* [Records for the task]

>>

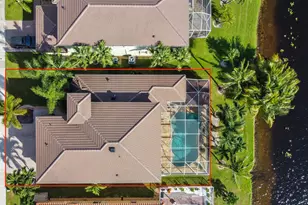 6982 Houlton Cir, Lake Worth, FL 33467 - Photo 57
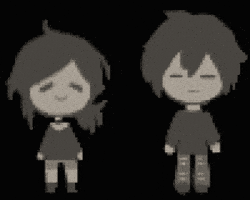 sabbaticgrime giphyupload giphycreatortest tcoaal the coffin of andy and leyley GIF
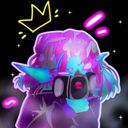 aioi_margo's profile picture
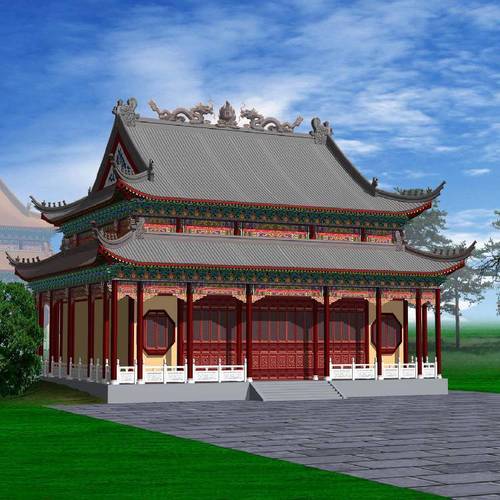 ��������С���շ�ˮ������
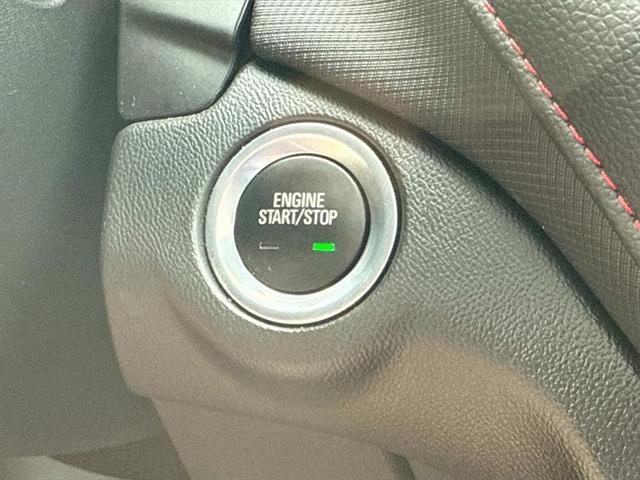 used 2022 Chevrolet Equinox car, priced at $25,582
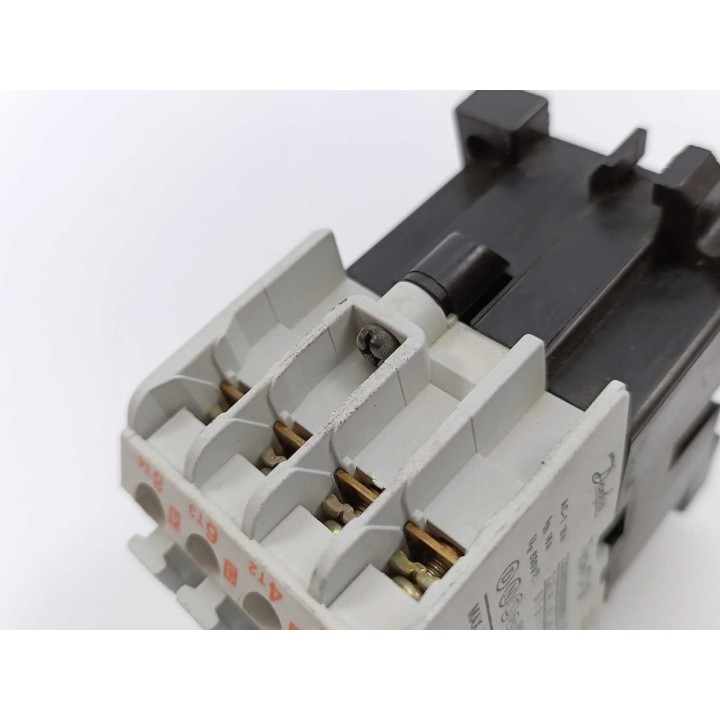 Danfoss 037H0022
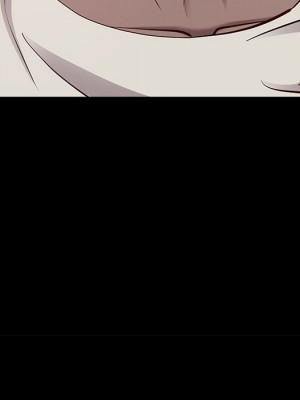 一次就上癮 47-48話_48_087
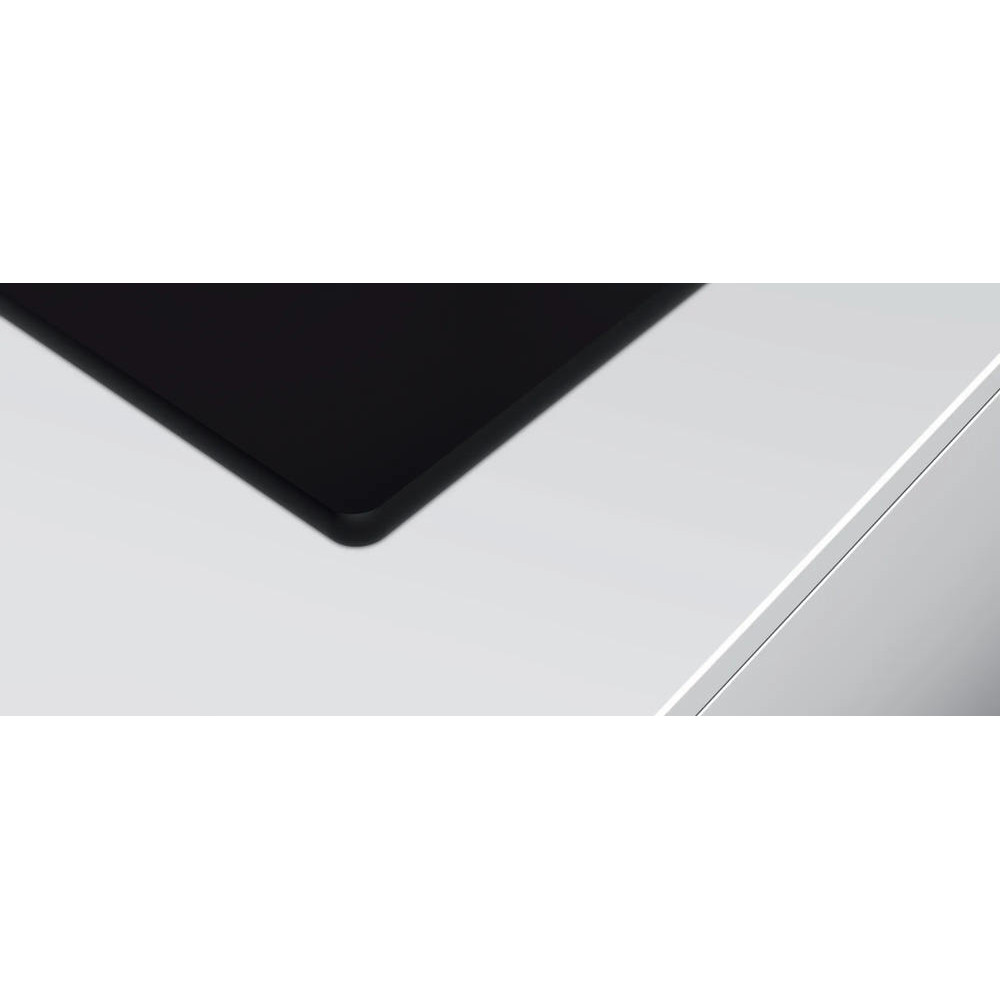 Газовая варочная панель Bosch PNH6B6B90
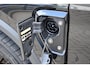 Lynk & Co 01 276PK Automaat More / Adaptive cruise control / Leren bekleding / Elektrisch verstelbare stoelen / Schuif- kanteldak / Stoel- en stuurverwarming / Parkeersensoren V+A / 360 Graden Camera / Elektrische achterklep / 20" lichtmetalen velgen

<<
>>

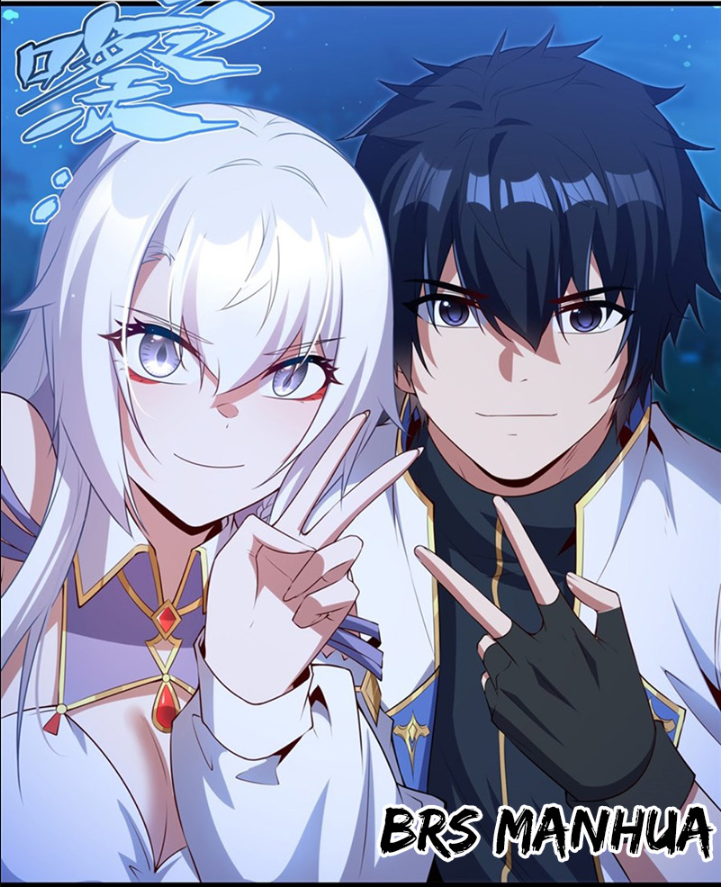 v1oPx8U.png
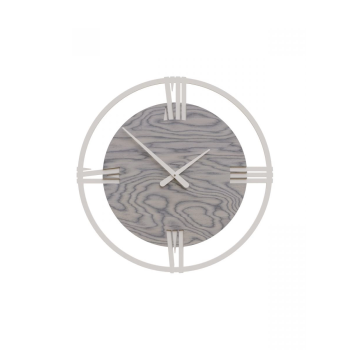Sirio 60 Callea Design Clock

<<

* [Task requirements] Copy word for word only the lines above from the one with "6982 Houlton Cir, Lake" through the one with "Газовая варочная панель Bosch PNH6B6B90". Leave pictures out.

* [Problem solution]
 6982 Houlton Cir, Lake Worth, FL 33467 - Photo 57
 sabbaticgrime giphyupload giphycreatortest tcoaal the coffin of andy and leyley GIF
 aioi_margo's profile picture
 ��������С���շ�ˮ������
 used 2022 Chevrolet Equinox car, priced at $25,582
 Danfoss 037H0022
 一次就上癮 47-48話_48_087
 Газовая варочная панель Bosch PNH6B6B90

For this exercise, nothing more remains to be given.